• [TO DO] Locate the word "Used" in the entries below, then gather every line that holds it.

• [RECORDS FOR PROCESSING]

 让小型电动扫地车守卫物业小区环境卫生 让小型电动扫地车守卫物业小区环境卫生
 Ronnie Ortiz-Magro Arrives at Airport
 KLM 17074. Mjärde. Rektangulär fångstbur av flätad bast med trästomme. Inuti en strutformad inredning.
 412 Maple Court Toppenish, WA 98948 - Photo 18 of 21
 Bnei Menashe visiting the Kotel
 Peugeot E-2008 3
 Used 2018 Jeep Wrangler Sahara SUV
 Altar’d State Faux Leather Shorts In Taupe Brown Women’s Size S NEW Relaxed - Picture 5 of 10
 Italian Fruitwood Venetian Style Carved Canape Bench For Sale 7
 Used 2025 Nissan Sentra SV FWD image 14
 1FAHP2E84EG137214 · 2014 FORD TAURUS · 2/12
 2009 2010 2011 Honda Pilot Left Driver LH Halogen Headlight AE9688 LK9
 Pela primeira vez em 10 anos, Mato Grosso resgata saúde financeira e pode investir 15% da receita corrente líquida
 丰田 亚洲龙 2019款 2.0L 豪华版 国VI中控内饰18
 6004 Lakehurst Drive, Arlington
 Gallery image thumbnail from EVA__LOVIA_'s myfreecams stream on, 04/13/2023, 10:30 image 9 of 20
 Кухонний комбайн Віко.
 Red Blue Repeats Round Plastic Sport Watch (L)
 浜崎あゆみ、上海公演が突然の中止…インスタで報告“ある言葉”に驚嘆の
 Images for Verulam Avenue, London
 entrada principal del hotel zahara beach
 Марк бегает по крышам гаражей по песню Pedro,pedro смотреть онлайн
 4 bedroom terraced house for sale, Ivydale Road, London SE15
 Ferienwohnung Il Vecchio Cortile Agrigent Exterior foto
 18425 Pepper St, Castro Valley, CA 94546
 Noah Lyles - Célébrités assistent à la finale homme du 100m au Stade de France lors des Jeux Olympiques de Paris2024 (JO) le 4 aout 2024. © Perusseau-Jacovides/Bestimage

• [ANSWER SPACE]
 Used 2018 Jeep Wrangler Sahara SUV
 Used 2025 Nissan Sentra SV FWD image 14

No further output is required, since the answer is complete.